--- INPUT RECORDS ---
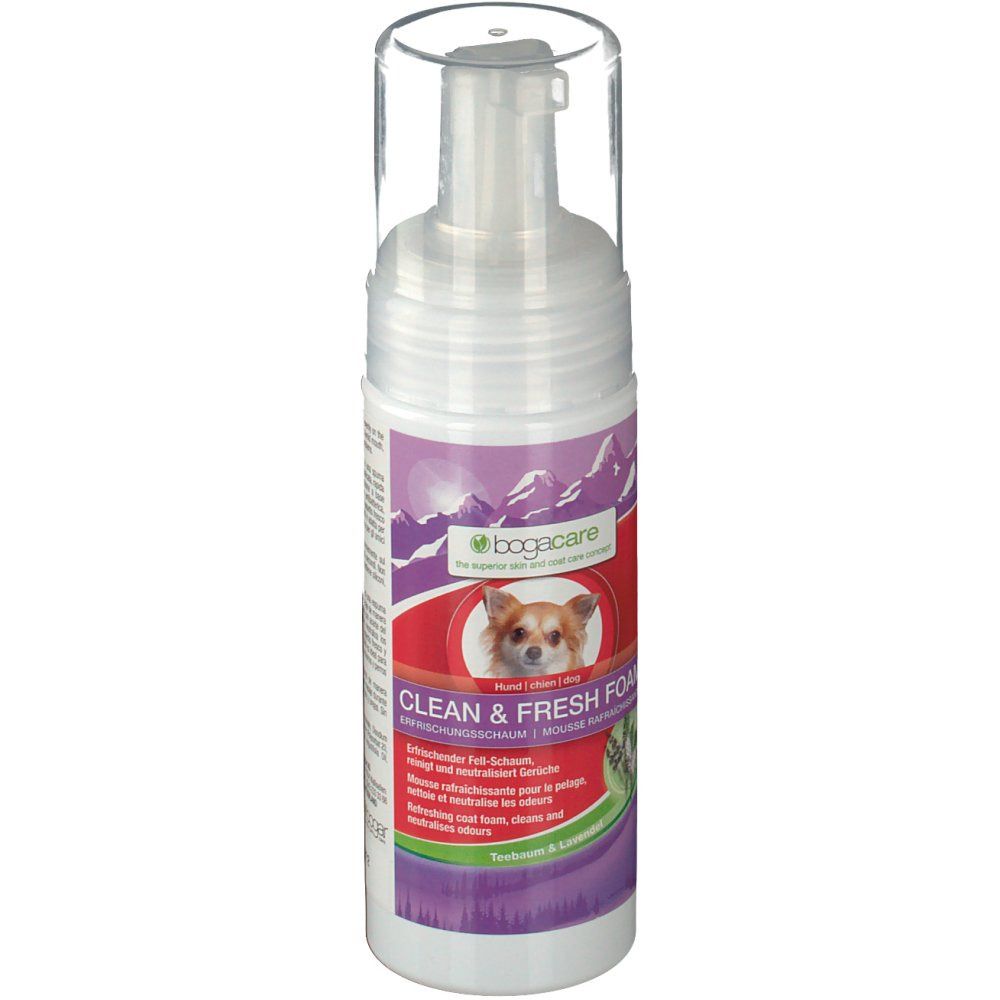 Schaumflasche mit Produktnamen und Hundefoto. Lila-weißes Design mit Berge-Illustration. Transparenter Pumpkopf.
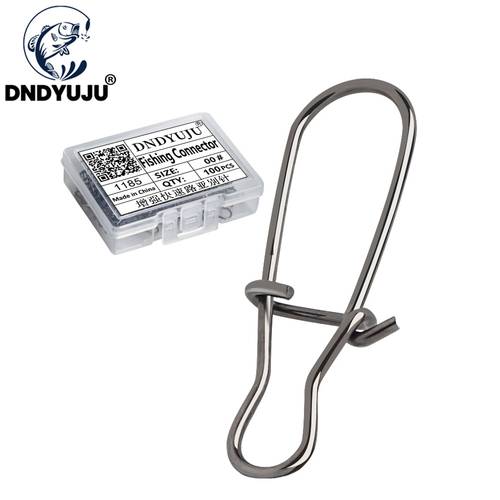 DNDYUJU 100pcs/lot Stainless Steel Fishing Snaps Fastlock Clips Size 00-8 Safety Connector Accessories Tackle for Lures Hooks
---
--- INPUT RECORDS ---
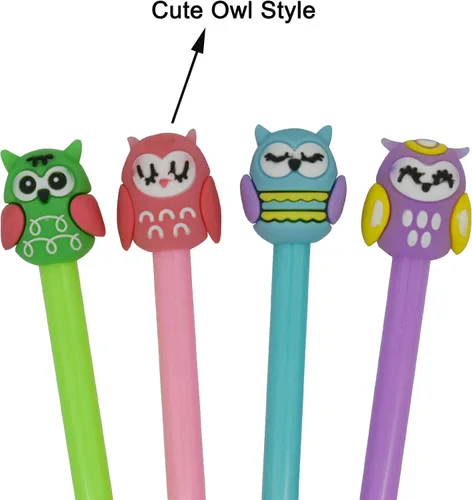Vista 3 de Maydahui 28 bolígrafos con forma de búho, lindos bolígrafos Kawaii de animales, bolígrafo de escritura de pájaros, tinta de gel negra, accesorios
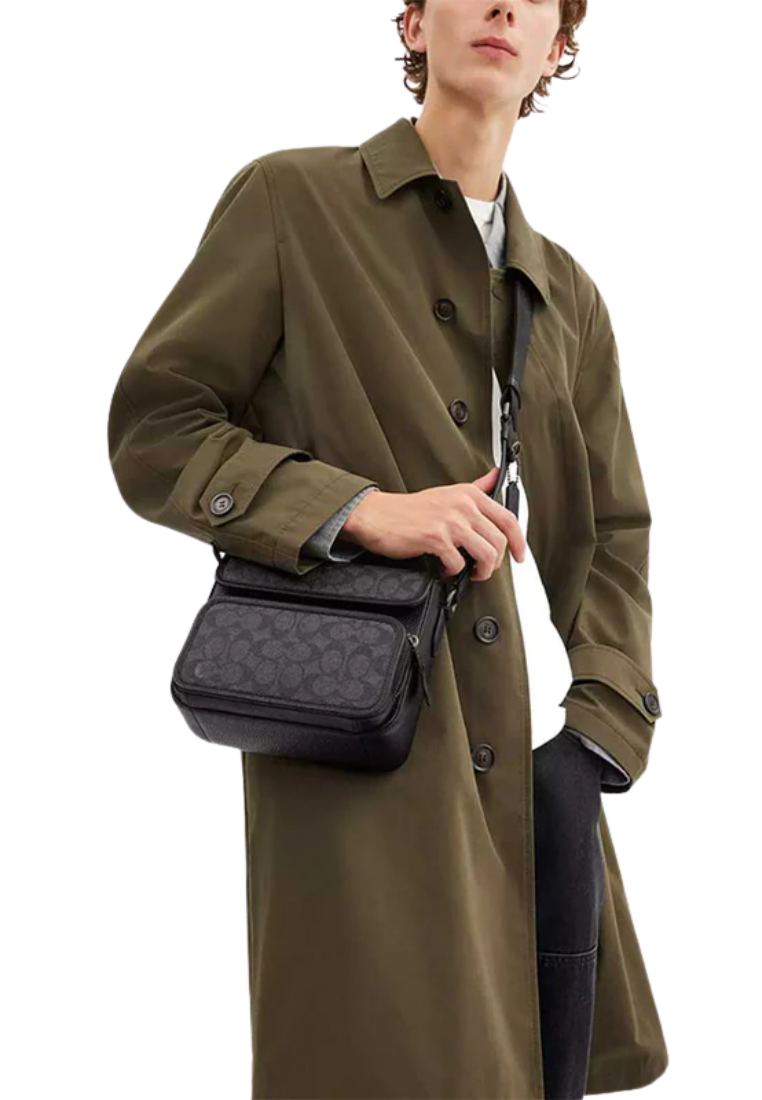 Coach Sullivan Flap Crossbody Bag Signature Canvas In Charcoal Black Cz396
---
--- INPUT RECORDS ---
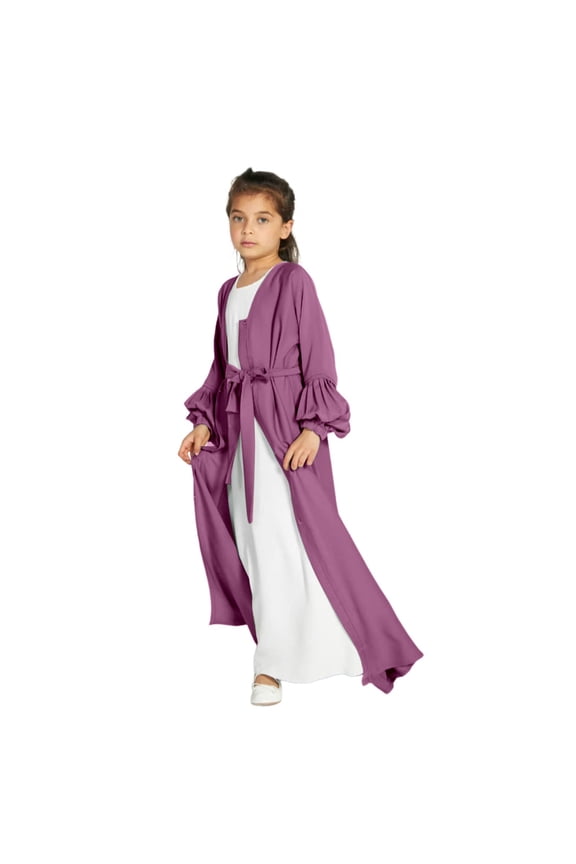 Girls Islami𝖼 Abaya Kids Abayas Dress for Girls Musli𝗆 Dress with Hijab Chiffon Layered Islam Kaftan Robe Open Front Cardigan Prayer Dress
---
A verbatim reproduction is expected: starting at the line above that has "Vista 3 de Maydahui", ending at the line that has "Coach Sullivan Flap", both included, and with no pictures and no other lines.

Vista 3 de Maydahui 28 bolígrafos con forma de búho, lindos bolígrafos Kawaii de animales, bolígrafo de escritura de pájaros, tinta de gel negra, accesorios
 Coach Sullivan Flap Crossbody Bag Signature Canvas In Charcoal Black Cz396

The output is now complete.